Set the pictures aside and write down, exactly as they appear, the lines from the one containing "Them puppy eyes" through the end of the material.

:: Task data ::

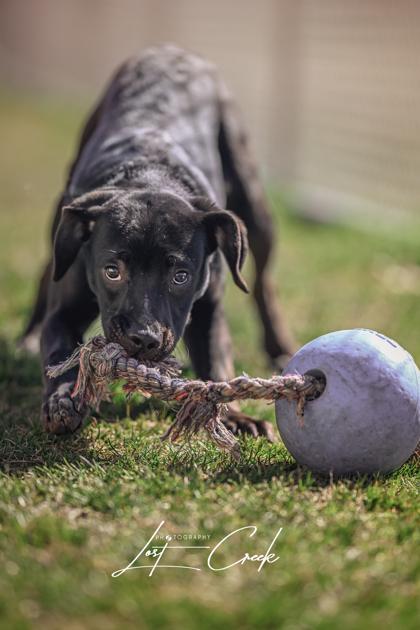 Enlarge Harlow, a Adoptable mixed breed in Kalispell, MT image 3/3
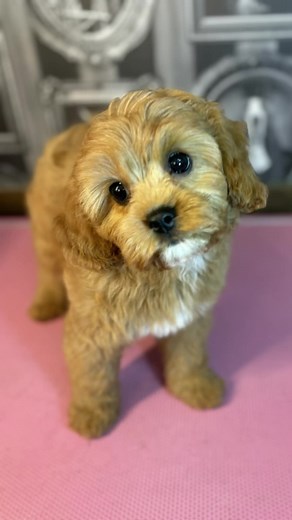 Them puppy eyes 🥺 #fyp #doggroomer #cavoodle #cavoodlesoftiktok #cavoodlesofaustralia #cavoodlesofinstagram #dogsofmelbourne #doglover💕🦮 #doglover #dogmumlife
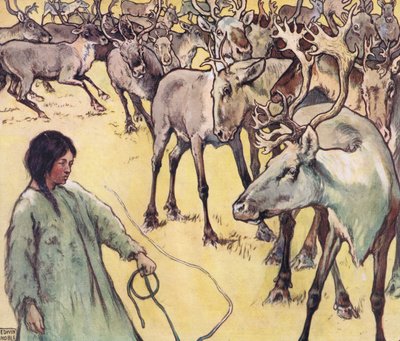 Branco di alci, illustrazione da 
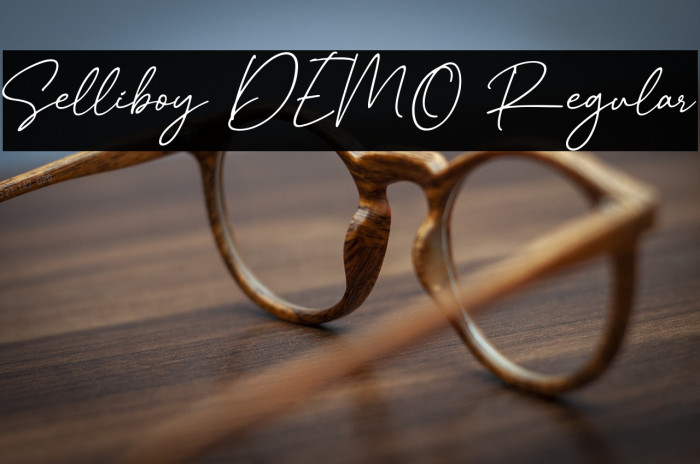 Selliboy DEMO Regular Example 2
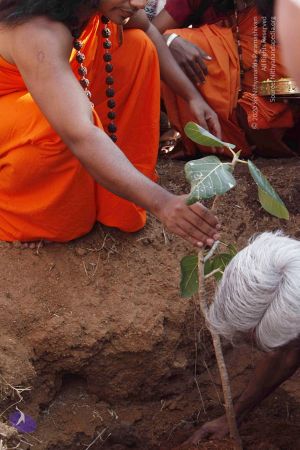 20120402 Photo 1126 1fZi0rjs PsQceMmngktHC0Tsl5xQBI5J.JPG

:::

Written solution:
 Them puppy eyes 🥺 #fyp #doggroomer #cavoodle #cavoodlesoftiktok #cavoodlesofaustralia #cavoodlesofinstagram #dogsofmelbourne #doglover💕🦮 #doglover #dogmumlife
 Branco di alci, illustrazione da 
 Selliboy DEMO Regular Example 2
 20120402 Photo 1126 1fZi0rjs PsQceMmngktHC0Tsl5xQBI5J.JPG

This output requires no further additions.